In multi-family construction defect litigation in Colorado, homeowners associations rely on associational standing to pursue claims affecting more than two units and to bring claims covering an entire development. This practice broadens an association’s case beyond what individual, aggrieved owners would otherwise bring on their own against a developer or builder-vendor. However, reliance on associational standing to combine homeowners’ defect claims into a single lawsuit has its drawbacks to homeowners.
A recent order in the case Villa Mirage Condominium Owners’ Association, Inc., v. Stetson 162, LLC, et al., in El Paso County District Court, presents an example. There, the HOA unsuccessfully sought a determination from the court that its claims against subcontractors were not barred by the statute of limitations. To do so, the HOA’s attempted to apply the Colorado Common Interest Ownership Act (“CCIOA”), which governs the creation and operation of HOAs, and a statute intended to apply to persons under a legal disability.
Under CCIOA, during the period of “declarant control” the developer may appoint members to the association’s executive board until sufficient homeowners have moved into the development and taken seats on the board. In Villa Mirage, the Association argued that a provision of CCIOA related to the period of declarant control and sharing tort liabilities between a developer and an association should toll the statute of limitations for claims against third-parties. That provision, C.R.S. § 38-33.3-311(1), states:
Neither the association nor any unit owner except the declarant is liable for any cause of action based upon that declarant’s acts or omissions in connection with any part of the common interest community which that declarant has the responsibility to maintain.
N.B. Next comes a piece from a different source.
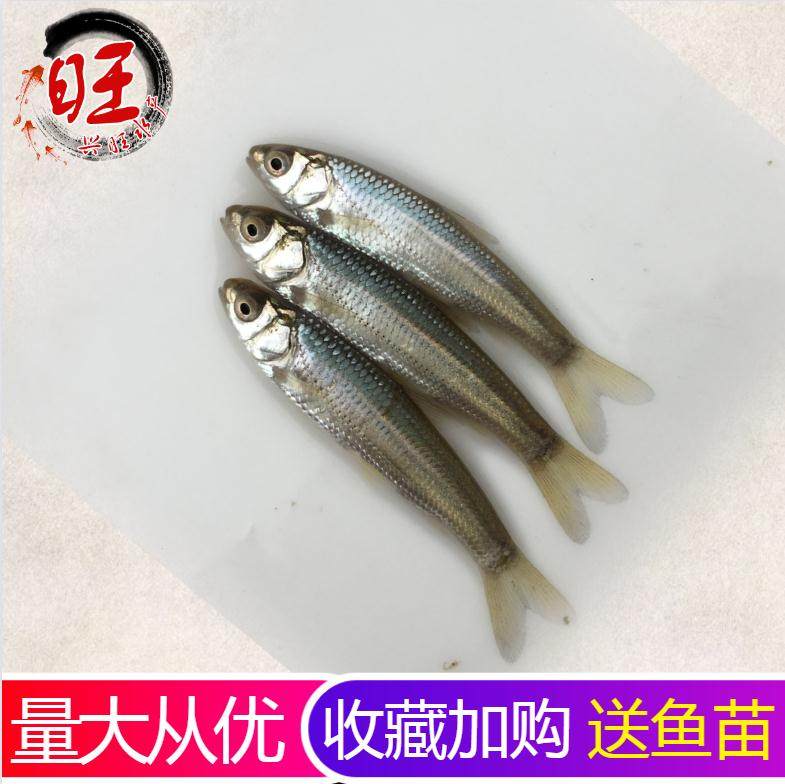 赤眼鳟红眼鱼苗红眼赤鳟青鱼花鲢鳊鱼苗龙鱼饲料活体养殖淡水鱼苗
Otherwise, any action alleging an act or omission by the association must be brought against the association and not against any unit owner. If the act or omission occurred during any period of declarant control and the association gives the declarant reasonable notice of and an opportunity to defend against the action, the declarant who then controlled the association is liable to the association or to any unit owner for all tort losses not covered by insurance suffered by the association or that unit owner and all costs that the association would not have incurred but for such act or omission. Whenever the declarant is liable to the association under this section, the declarant is also liable for all expenses of litigation, including reasonable attorney fees, incurred by the association. Any statute of limitation affecting the association’s right of action under this section is tolled until the period of declarant control terminates. A unit owner is not precluded from maintaining an action contemplated by this section by being a unit owner or a member or officer of the association. [emphasis added]
The court held that this statute section only governs claims between an association and a declarant, and that it cannot be stretched to toll a statute of limitations for claims against third-parties.
The HOA also equated the period of declarant control to a legal disability, during which the association was prevented from asserting claims against subcontractors, relying on C.R.S. § 13-81-103. That statute section tolls a statute of limitations to protect the rights of a person under a disability, until the person has legal representation, dies, or overcomes the disability. The Villa Mirage court referred to C.R.S. § 13-81-101(3), which defines a “person under disability” as “any person who is a minor under eighteen years of age, a mental incompetent, or a person under other legal disability and who does not have a legal guardian.” The court stated that the statute protects the interest of individuals, and no case law applies this statute to business entities. The concise order suggests that this issue was an easy one for the court to decide.
While the court did not discuss in further detail, it can be presumed that if individual homeowners had viable claims against subcontractors, they should not have waited for their HOA to bring those claims. A homeowner association’s drive to combine all claims affecting a development into a single lawsuit may sometimes be an economical means to litigate a case, but the interests of the individuals may be forgotten in the strategy to rely on associational standing.